TASK DIRECTIONS —
Starting with the line that contains "Miniatura 5 de", copy each line exactly through the end of the listing, and omit all pictures.

DATA PROVIDED —

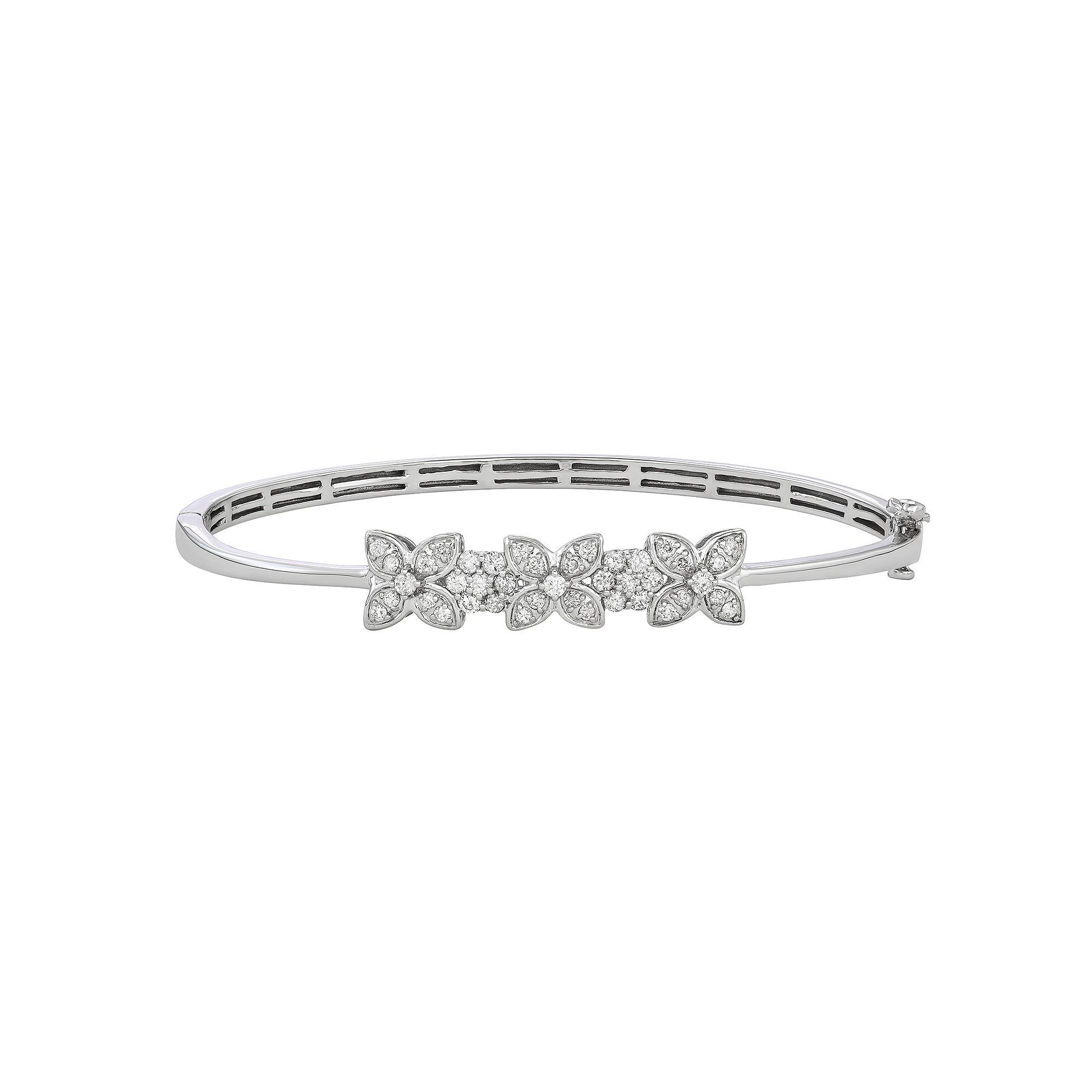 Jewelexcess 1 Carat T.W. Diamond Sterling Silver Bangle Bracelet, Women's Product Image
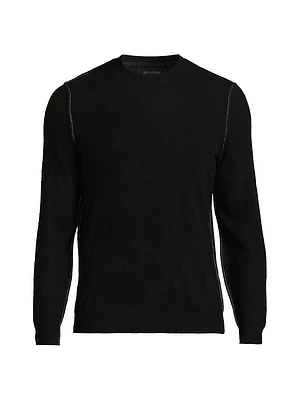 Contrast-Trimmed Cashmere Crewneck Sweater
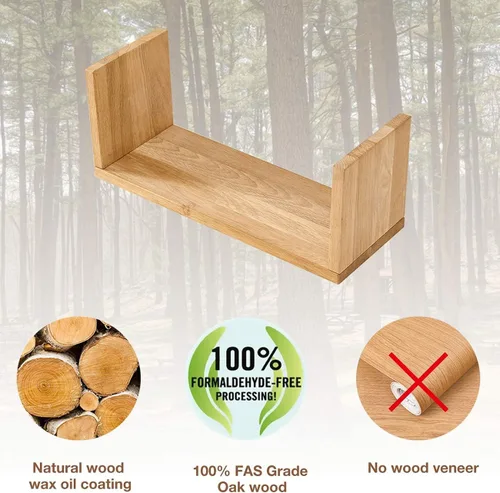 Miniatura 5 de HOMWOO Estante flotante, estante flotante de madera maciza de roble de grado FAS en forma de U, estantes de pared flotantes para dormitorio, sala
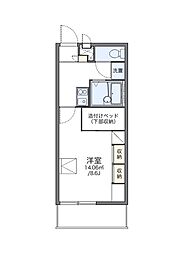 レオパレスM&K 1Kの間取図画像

SOLUTION TO THIS TASK —
 Miniatura 5 de HOMWOO Estante flotante, estante flotante de madera maciza de roble de grado FAS en forma de U, estantes de pared flotantes para dormitorio, sala
 レオパレスM&K 1Kの間取図画像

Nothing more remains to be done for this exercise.